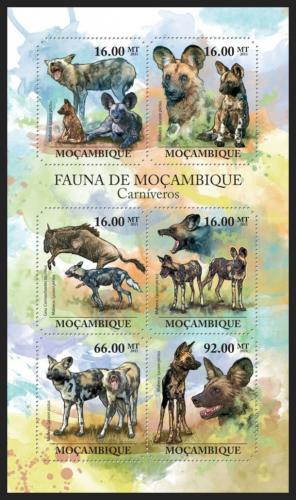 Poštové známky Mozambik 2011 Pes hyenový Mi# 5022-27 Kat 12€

◇ ◇ ◇ ◇

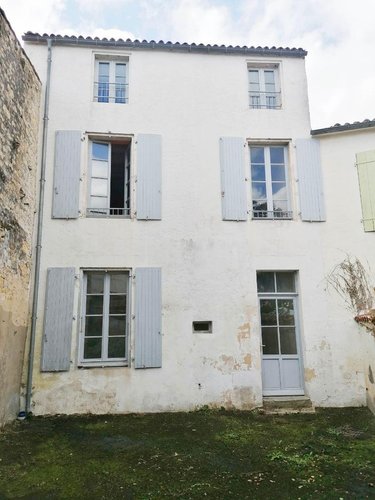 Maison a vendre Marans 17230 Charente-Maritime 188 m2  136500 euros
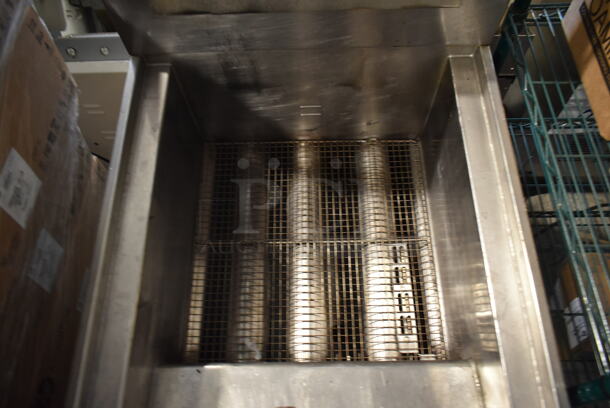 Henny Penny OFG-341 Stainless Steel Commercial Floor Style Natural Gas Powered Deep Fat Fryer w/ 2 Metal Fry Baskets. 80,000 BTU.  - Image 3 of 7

◇ ◇ ◇ ◇

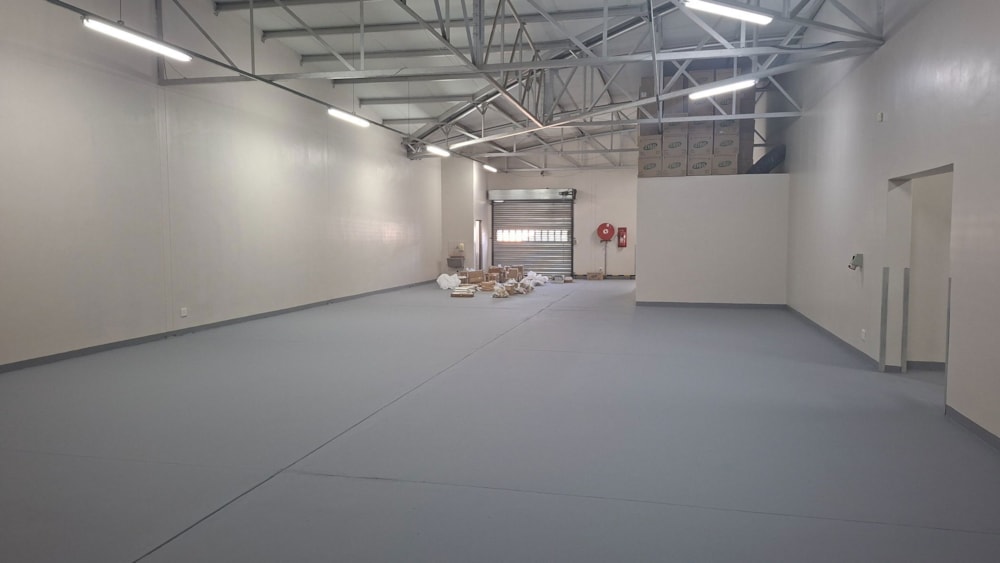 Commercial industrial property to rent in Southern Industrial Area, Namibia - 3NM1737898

◇ ◇ ◇ ◇

EXERCISE BRIEF: Although pictures appear among the records above, write out exactly only the lines from the one that has "Maison a vendre" through the one that has "Henny Penny OFG-341", and leave the pictures out.

YOUR SOLUTION:
 Maison a vendre Marans 17230 Charente-Maritime 188 m2  136500 euros
 Henny Penny OFG-341 Stainless Steel Commercial Floor Style Natural Gas Powered Deep Fat Fryer w/ 2 Metal Fry Baskets. 80,000 BTU.  - Image 3 of 7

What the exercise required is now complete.